The Pursuit of Accuracy (or Precision)
Accuracy: Most shooters and manufacturers care about it, but they don't have a proper way to evaluate or describe it.
Present customs are to make unqualified references to "MOA" performance and group size. Manufacturers give "MOA" guarantees, and shooters show off small shot groups, but neither of those are particularly meaningful. They don't inform essential questions like:
- Is my gun holding me back in competition?
- Are my gun and ammo accurate enough to take a particular shot on an animal?
- Does my gun even have the capability to hit a given target with a high probability?
BAC™ provides an efficient and standardized system for characterizing and talking about ballistic accuracy.
What follows is an exposition of current customs and their shortcoming, which are mitigated by the Ballistic Accuracy Classification™ system.
It's easy to fool yourself with Extreme Spread, and it’s even easier to fool others.
First note that even the most precise rail gun will occasionally print a "flier." If 99 out of 100 shots nestle into a dime group, but one breaks away by an inch, would you characterize the accuracy of that gun as shooting one-inch groups?
Now pick up a rifle, pop in a beta mag, and empty it from the hip. There’s a chance that 3 of those shots will be touching at 100 yards. Would you cut out those three shots and declare that you have a half-MOA gun?
Maybe your manufacturer gave you a "1-MOA guarantee," by which they mean that your gun will shoot a 3-shot group into 1” at 100 yards with quality ammo. So you hit the range, tighten your scope, and fire three shots at the same point. Bingo: You don’t need calipers to see that they’re within an inch of each other. You’ve really got a sub-MOA rifle!

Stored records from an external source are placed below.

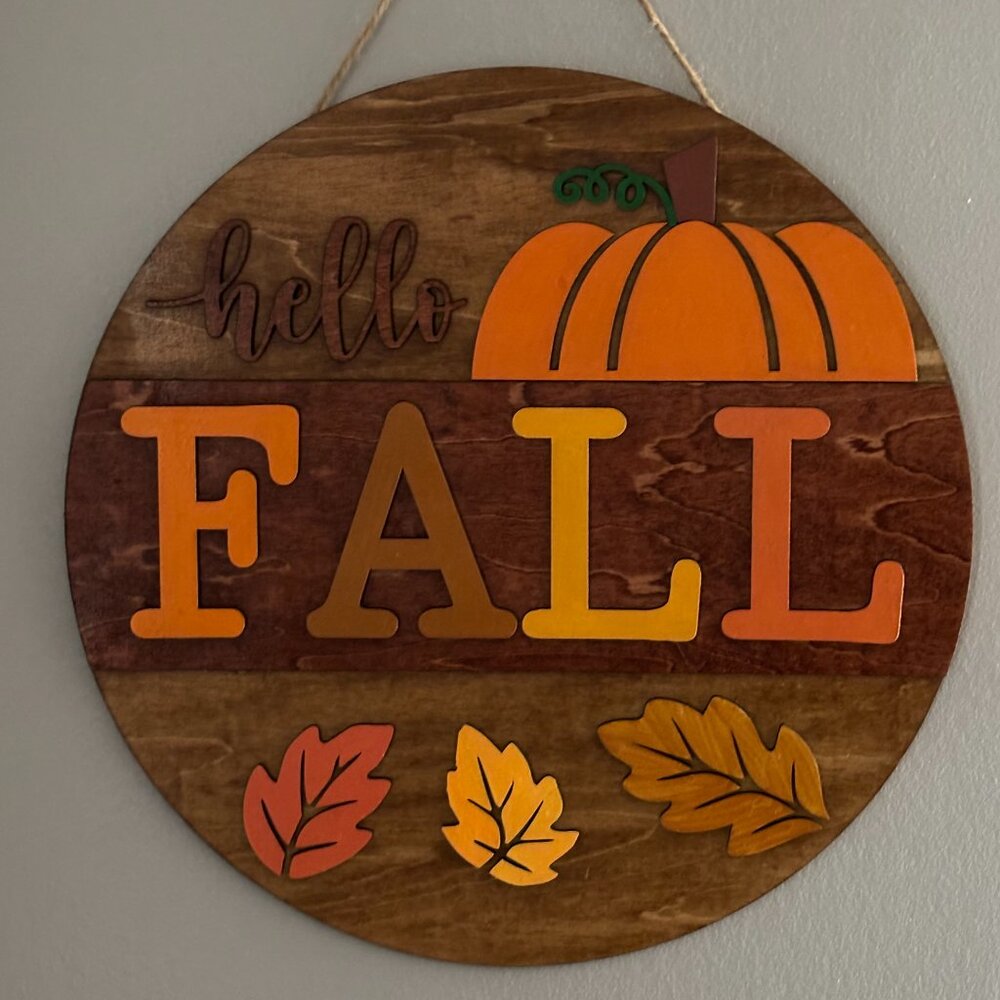 🍁 Hello Fall Wooden Sign – Rustic Autumn Door Décor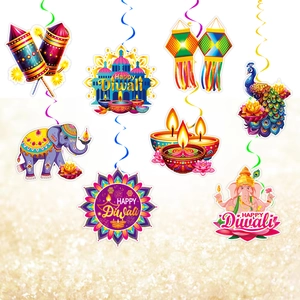 Bunte Diwali-Spiralen mit Ganesh, Diya und Happy-Diwali-Karten für festliche Deko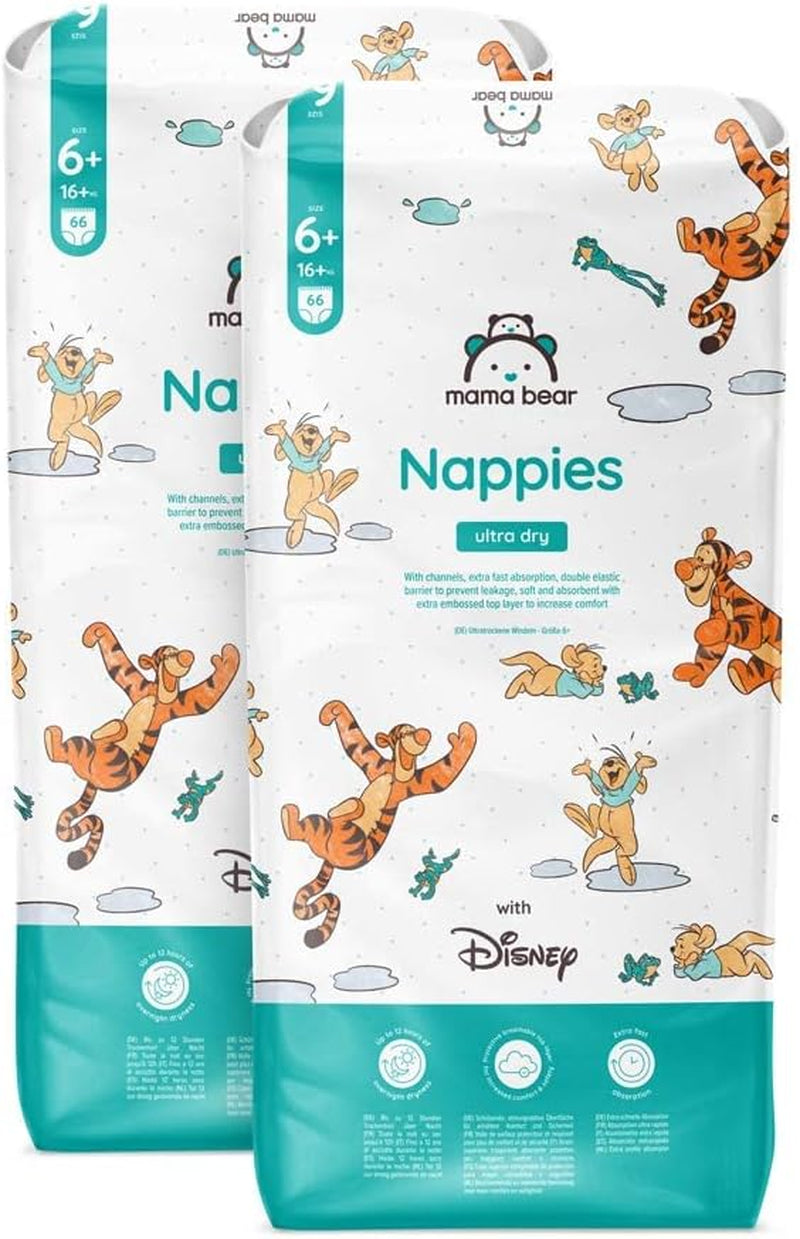 Amazon-Marke: Mama Bear Disney Ultra Dry Windeln, Größe 3 (4–9 kg) – Monatsbox, Weiß, 172 Stück (2 Packungen mit 86 Stück)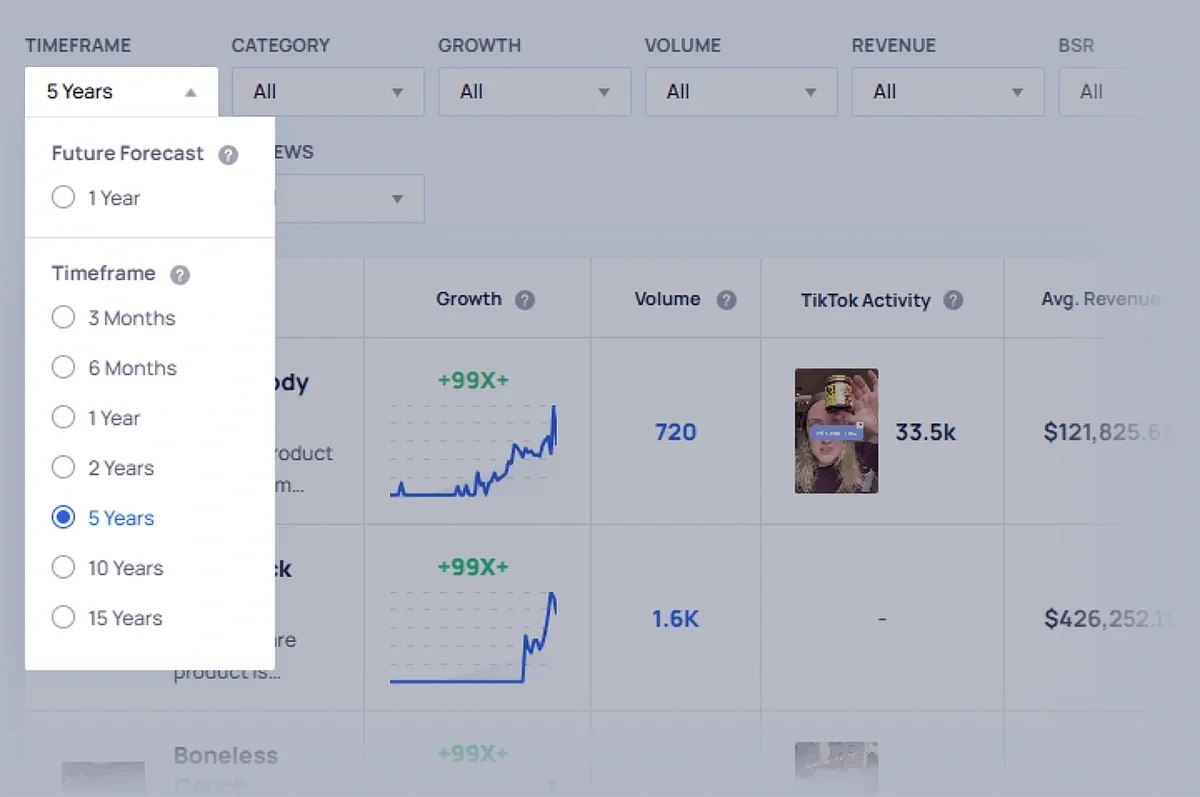 Exploding Topics trending products filtered a timeframe of 10 years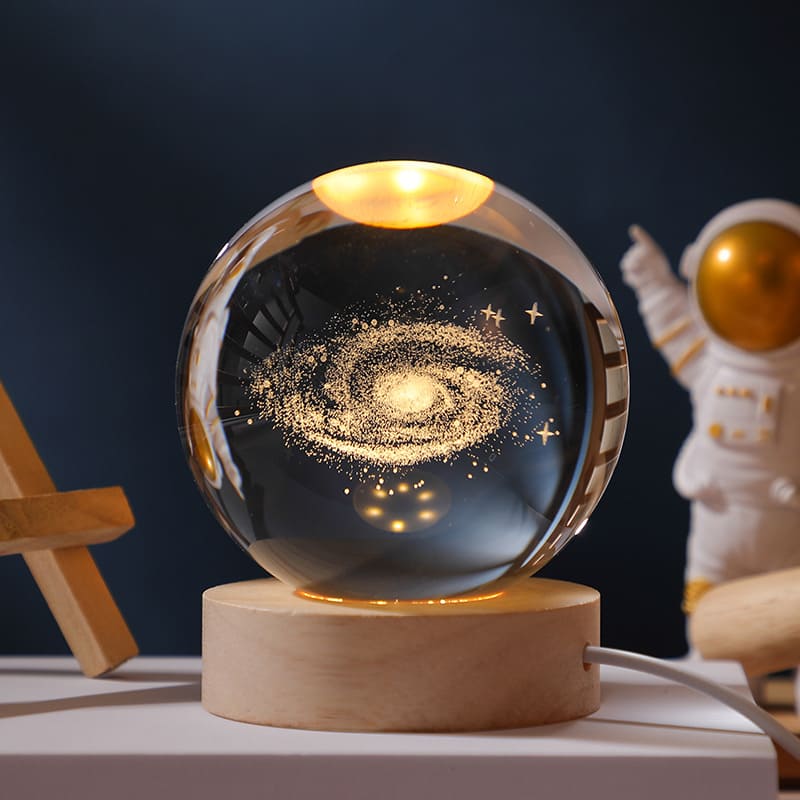 Luminária de Mesa LED Luz Noturna 3D Bola Cristal Homedec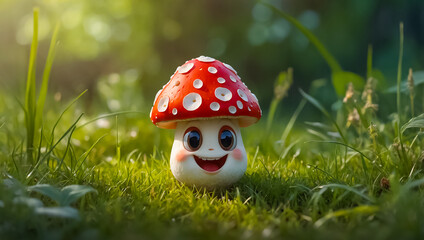 Cute cartoon fly agaric mushroom on a clearing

Well you’ve got a full box of ammo, so why not knock the center out of that pretty little group? You take another shot and, damnit, it goes wide. (You’ll have to crop that group pretty tightly to show it off now!) But everyone knows you can call fliers, so you take a breath and try some more. Before you’re through the box you will notice something annoying: The more shots you take, the wider your group tends to get.
Now something doesn’t add up here. The manufacturer guaranteed your rifle would shoot three shots within 1 MOA. But neither they, nor you, nor your gun could predict which order the shots in that group would appear. If your gun is really sub-MOA you should be able to pick any three as your "group" and it should measure under 1 MOA. You’ve just discovered one of the industry’s inside jokes: Accuracy guarantees expressed in terms of group sizes are either impossible or meaningless.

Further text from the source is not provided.